- [What to produce]
Set the data down again, exactly as it reads, but without the pictures.

- [Dataset excerpt]
#####

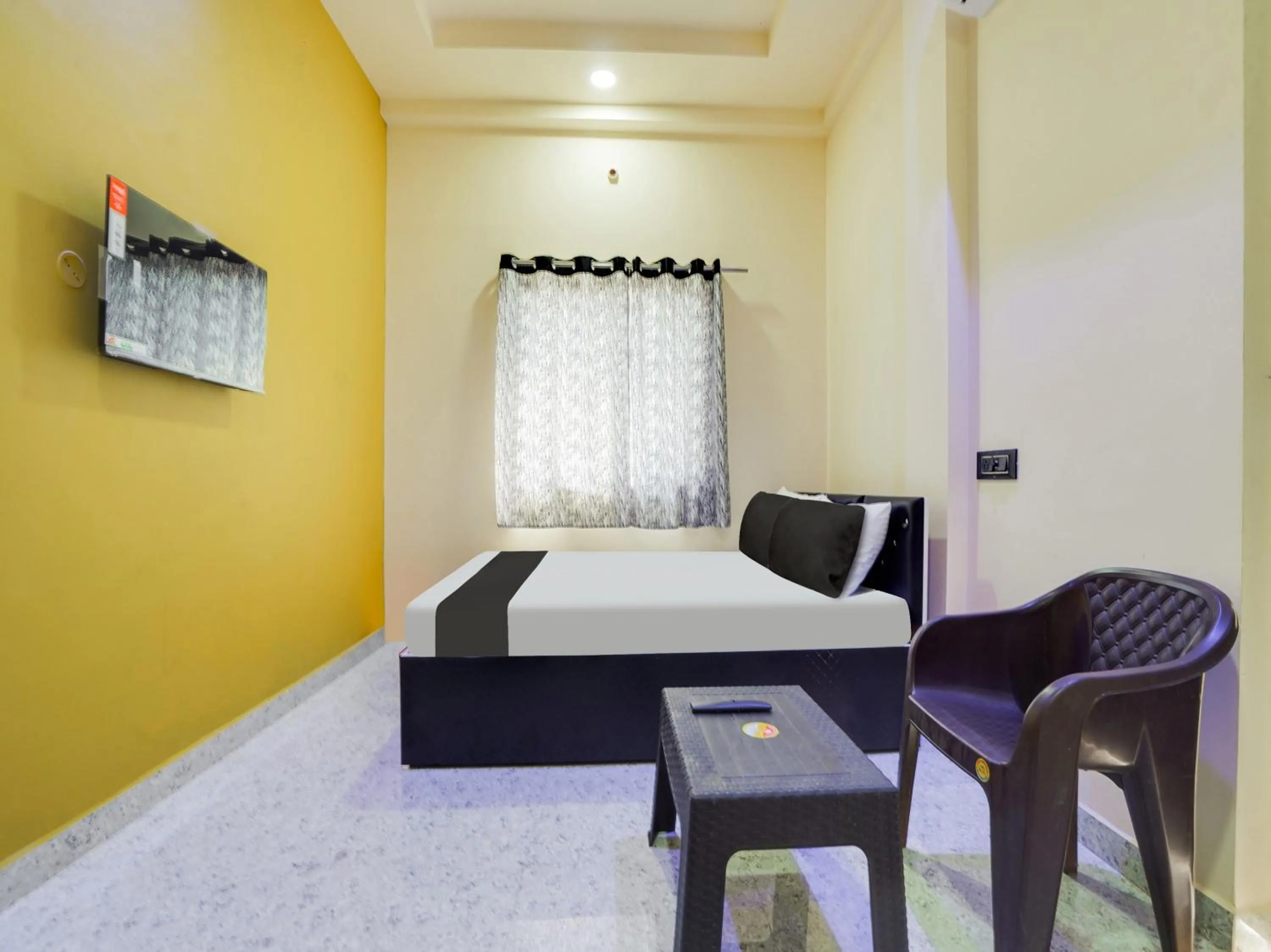 Bedroom, Bed in Hotel O RK 2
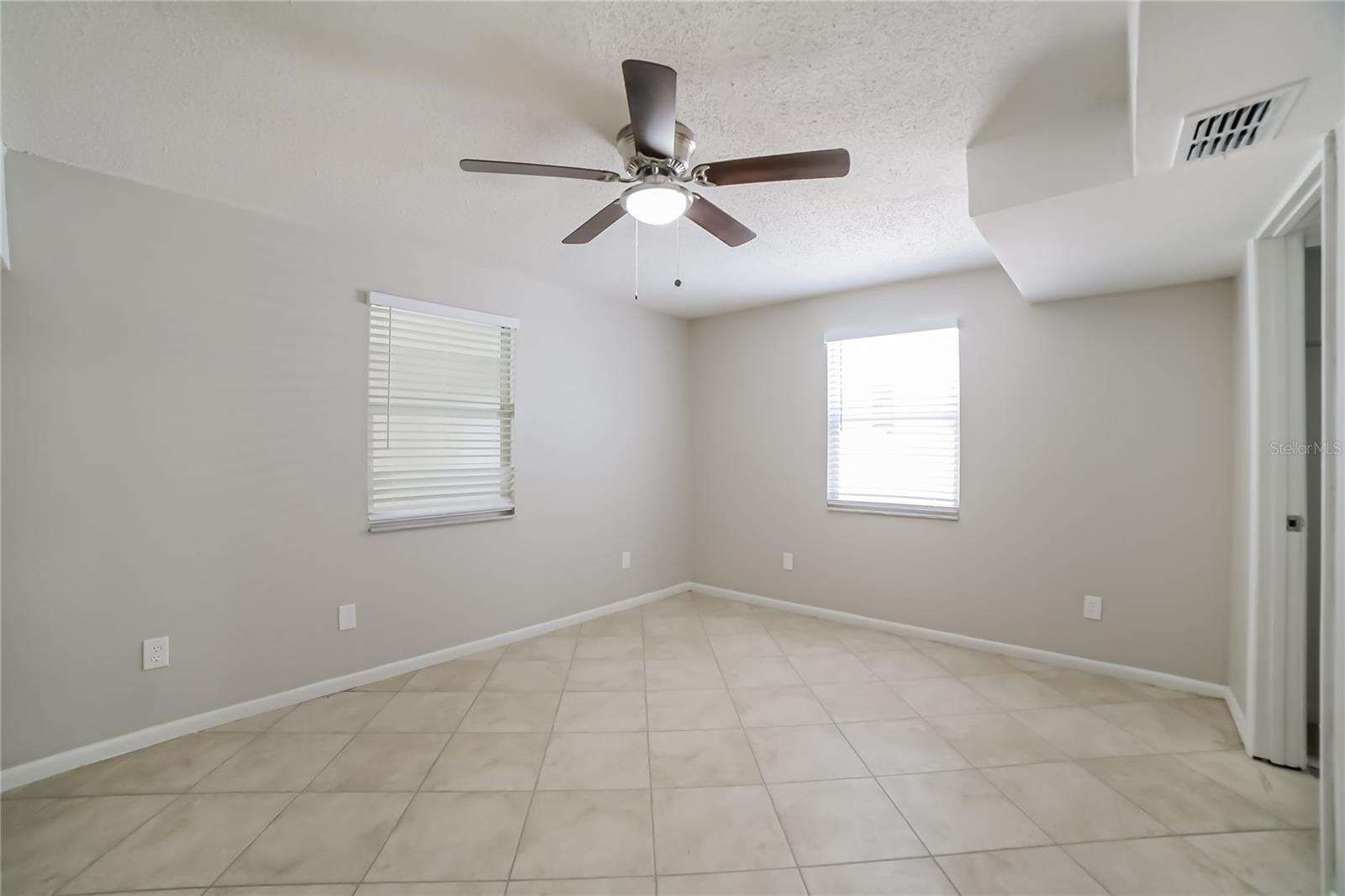 INTERBAY - Residential Lease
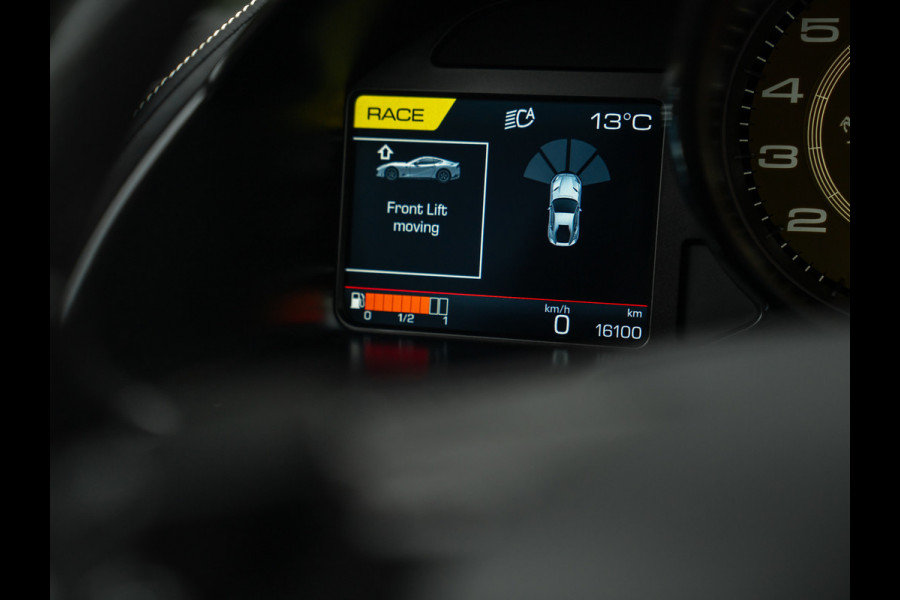 Ferrari 812 Superfast | Full carbon spec | Lift | Pass. display | JBL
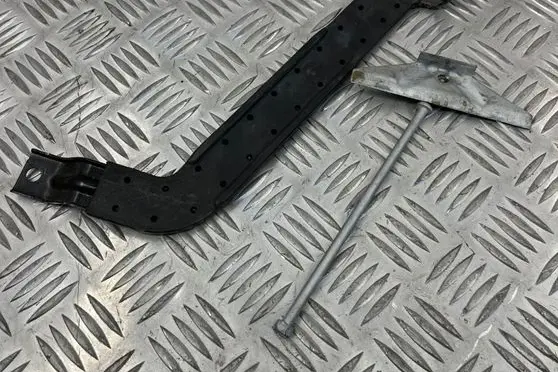 BMW 3 E90 E91 Battery bracket 7549425 119867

#####

- [Answer section]
 Bedroom, Bed in Hotel O RK 2
 INTERBAY - Residential Lease
 Ferrari 812 Superfast | Full carbon spec | Lift | Pass. display | JBL
 BMW 3 E90 E91 Battery bracket 7549425 119867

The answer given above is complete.